Link Of Death Is Back — How To Crash A Windows Computer?
BUG |
Back in 2015, we have a tendency to told you concerning the “link of death” bug that crashed Chrome application. This was because of a twenty six or thirty character URL string that more a null character, resulting in crash. Chrome ultimately mounted the problem. If you’re having even longer memory, you would possibly be memory similar laptop bloody bugs from Windows ninety five and ninety eight era.
According to a replacement reveal, the same reasonably bug affects Windows aspect, 7, and 8.1, reports Ars Technica. This bug can help a notorious player use certain bad filenames to make the system lock up or crash it with a blue screen of death.
This can be done by embedding such filenames by using them as image sources. Let’s suppose you visit a page with such image, your PC will hang and crash.

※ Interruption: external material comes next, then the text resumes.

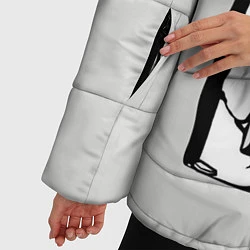 Куртка зимняя женская Серьёзная Панда, цвет: 3D-черный — фото 2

Why does this crash happen?
Windows has some filenames that are reserved for hardware devices; they don’t represent any actual file. As Ars Technica reports, a filename including two references to a special device would crash Windows. For example, c:\con\con. If this file is attempted to be loaded from file:///c:/con/con, then the machine would crash.
This bug also uses another special filename $MFT. This is the filename given to a special metadata file that’s used by NTFS filesystem. But, if $MFT is used like a directory name, for e.g., trying to open the file c:\$MFT\123, then machine hangs.
You can read more about the vulnerability here. This page is in Russian, so don’t forget to hit the translate button.
Fortunately, this bug doesn’t have an effect on Windows ten. it's been reportable to Microsoft, and that we don’t recognize once a fix are delivered.